Il ricorso è inammissibile.
Le sentenze della Corte dei conti possono essere impugnate dinanzi alle sezioni unite della Corte di cassazione solo per motivi attinenti alla giurisdizione (art. 111 Cost., art. 362 c.p.c.). Al di fuori di questo ambito il ricorso è inammissibile.
Il ricorrente sostiene che la Corte dei conti con la sentenza impugnata avrebbe travalicato i confini della sua giurisdizione perchè si è sostituita al legislatore, creando una nuova norma. La tesi non è condivisibile.
La sentenza di appello premette che la riforma pensionistica ha previsto l’inglobamento della indennità integrativa speciale, che ha così cessato di essere elemento autonomo del trattamento. Ma la Corte sostiene che in tal modo ciò che prima veniva percepito con imputazione distinta in seguito ha continuato comunque ad essere percepito sebbene inglobato in altra voce. Questa constatazione comporta che il mutamento è meramente formale e che, sul piano fattuale, l’importo della indennità integrativa speciale continua ad essere percepito su entrambi i trattamenti economici. Ciò porta la Corte a ritenere che il divieto (peraltro parziale) di cumulo persiste e che di conseguenza sulla seconda pensione (quella privilegiata di cui si discute) l’indennità integrativa speciale deve essere percepita nella misura minore in cui viene versata al ricorrente (e cioè nei limiti necessari per ottenere l’integrazione della pensione sino all’importo corrispondente al trattamento minimo previsto per i fondi pensione lavoratori dipendenti, c.d. minimo INPS).
La scelta della Corte rientra nella sfera della sua giurisdizione in quanto attiene alla interpretazione della normativa.
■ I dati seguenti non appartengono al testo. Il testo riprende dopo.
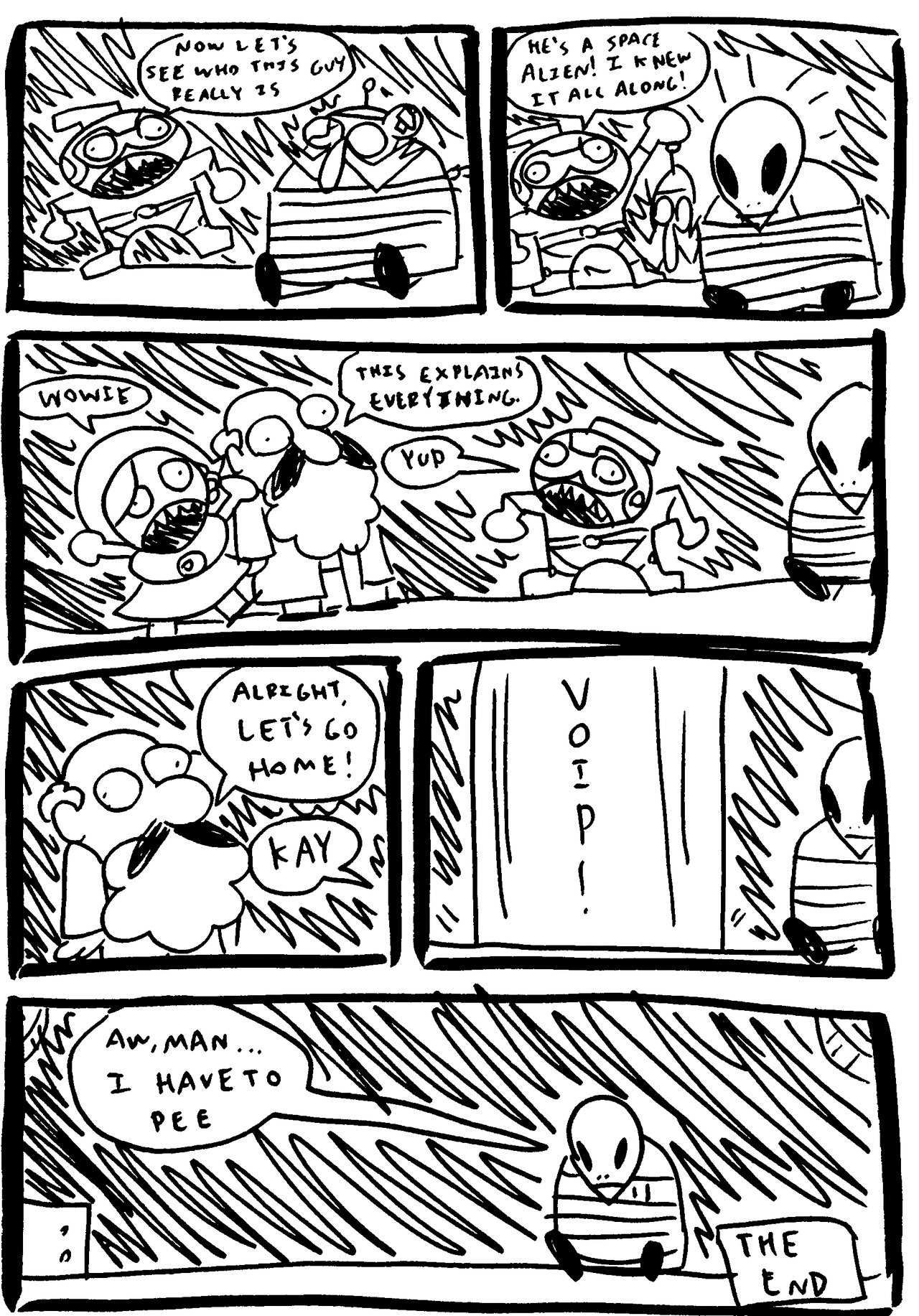 Here’s a dumb comic I made for school. My main goal was to make an, “Anti-Story”.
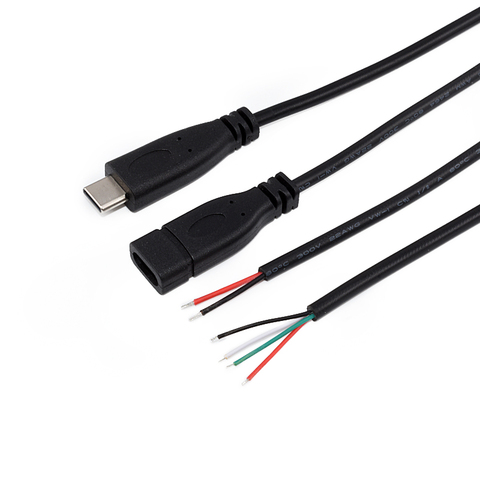 high quality 20cm Black Type-c Usb FeMale male  Plug 2 4 wire Power Cable Cord stripped Maximum current 3A for Raspberry pie DIY ► Photo 1/4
Non vi è pertanto nè invasione della sfera del potere legislativo, nè superamento dei limiti c.d. esterni della giurisdizione. Il ricorso per cassazione, di conseguenza, è inammissibile.
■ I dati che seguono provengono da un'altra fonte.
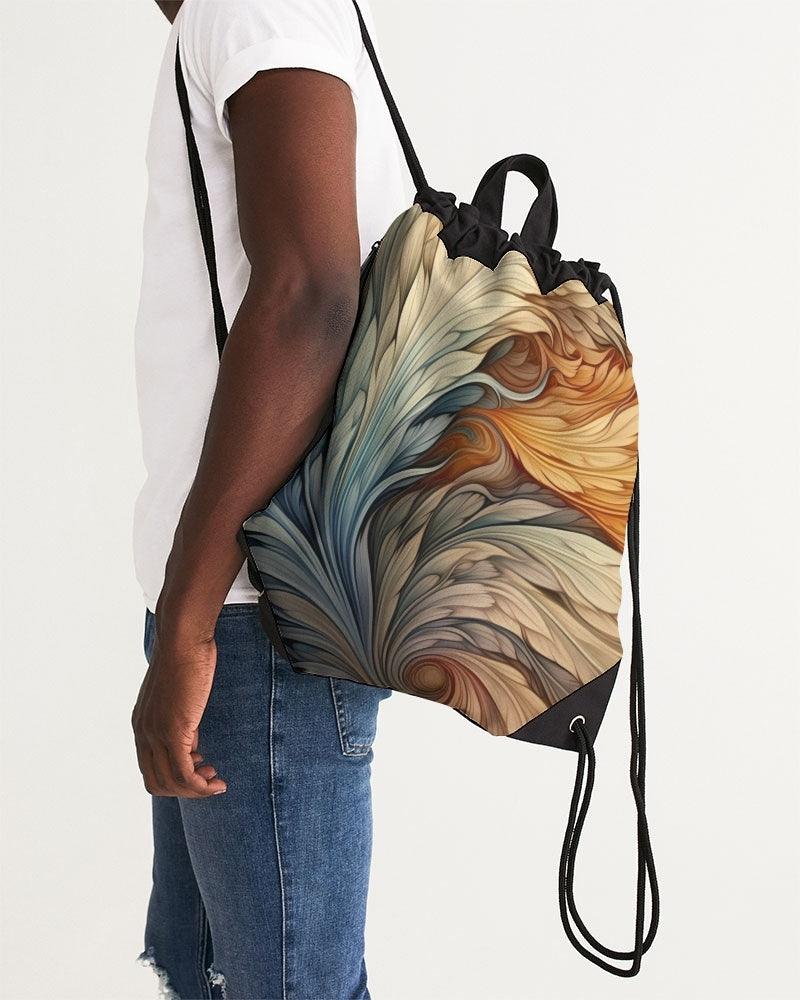 Canvas Drawstring Bag- Fantastical Feathers No.01 - Premium  from Elementologie - Just $39! Shop now at Elementologie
L’inammissibilità comporta la condanna alla rifusione delle spese del giudizio di legittimità ed il raddoppio del contributo unificato.
PQM
La Corte dichiara inammissibile il ricorso e condanna il ricorrente al pagamento delle spese del giudizio di legittimità in favore del Ministero dell’economia e finanze, controricorrente, liquidandole in 3.000,00 Euro per compensi professionali, oltre 15% per spese forfetarie ed accessori. Ai sensi del D.P.R. n. 115 del 2012, art. 13, comma 1 – quater, dà atto della sussistenza dei presupposti per il versamento, da parte del ricorrente, dell’ulteriore importo a titolo di contributo unificato, pari a quello dovuto per il ricorso a norma del medesimo art. 13, comma 1 – bis.
Così deciso in Roma, il 13 settembre 2016.